Le discours d’Emmanuel Macron à la veille du 14 juillet 2025 a résonné comme un appel au « réarmement » de la nation. En présentant une hausse du budget des armées à 64 milliards d’euros pour 2027, il a insisté sur l’aggravation des menaces extérieures et la nécessité de bâtir une armée puissante, « crainte » à l’international. Macron n’a pas hésité à parler d’« effort historique » : le budget de la défense, qui avait doublé depuis 2017, s’apprête encore à augmenter de plusieurs milliards d’euros.
Pour les observateurs attentifs, cependant, ces annonces ne sont qu’une mise en bouche.
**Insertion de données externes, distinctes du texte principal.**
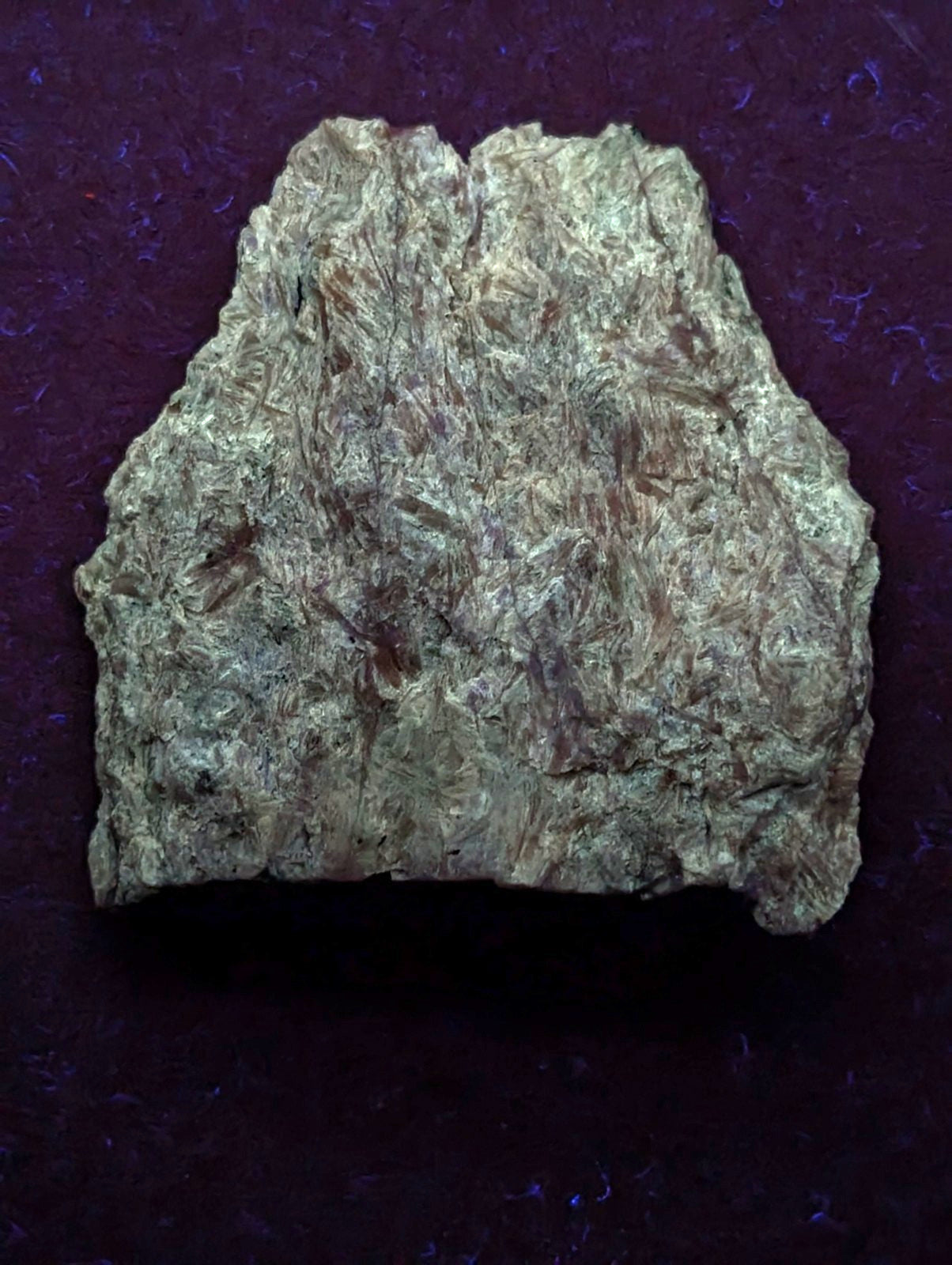 A rough, irregularly shaped piece of greenish-gray mineral with a textured surface and subtle brown streaks.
Car depuis le dernier sommet de l’OTAN, un tout autre engagement pèse sur la France : consacrer 5% de son PIB annuel à la défense et à la sécurité d’ici 2035.
Un nouveau cap historique fixé par l’OTAN sous l’impulsion de Trump
Sous la pression de Donald Trump revenu à la Maison-Blanche, les membres de l’OTAN ont accepté de revoir à la hausse leurs ambitions budgétaires. L’objectif collectif est clair : 5% du PIB en dépenses de défense et de sécurité d’ici à 2035, dont 3,5% pour les dépenses militaires pures et 1,5% pour les volets de sécurité élargie (cybersécurité, infrastructures, forces de l’ordre).
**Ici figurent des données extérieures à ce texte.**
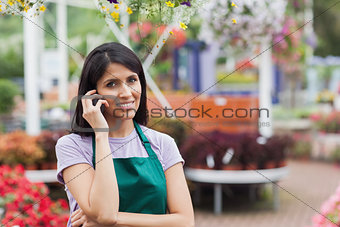 Woman working in garden center making a call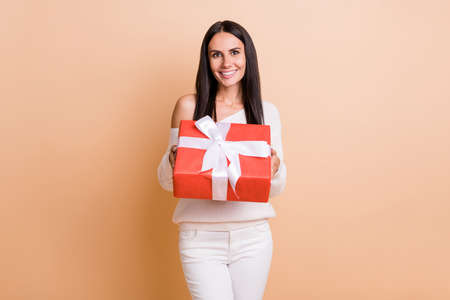 Photo of young attractive girl happy smile hold present box holiday celebration isolated over beige color backgroundの写真素材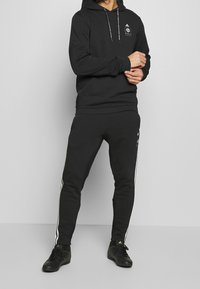 Svart hoodie med framficka och snörning; svarta sweatpants med vita sidostråk; modell som bär svarta träningsskor.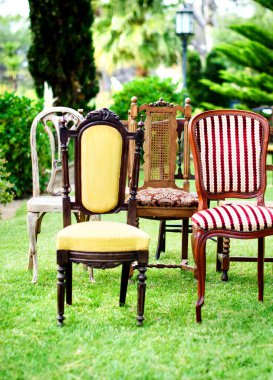 Açık hava düğün etkinlikleri için çeşitli yapılandırmalarda tasarımcı ahşap sandalyeler..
Ce seuil de 5% est d’autant plus saisissant que, pour la France, il représente une rupture majeure avec la trajectoire budgétaire récente. En 2025, les dépenses de défense françaises s’élèvent à 59,9 milliards d’euros, soit environ 2,03% du PIB. Atteindre 5%, c’est faire un bond considérable, imposant des sacrifices et des arbitrages budgétaires drastiques.

Calcul : l’effort budgétaire requis pour la France
Reprenons les chiffres clefs :
- PIB de la France en 2025 (estimation) : 2 800 milliards d’euros
- Budget de la défense 2025 : 59,9 milliards d’euros (2,03% du PIB)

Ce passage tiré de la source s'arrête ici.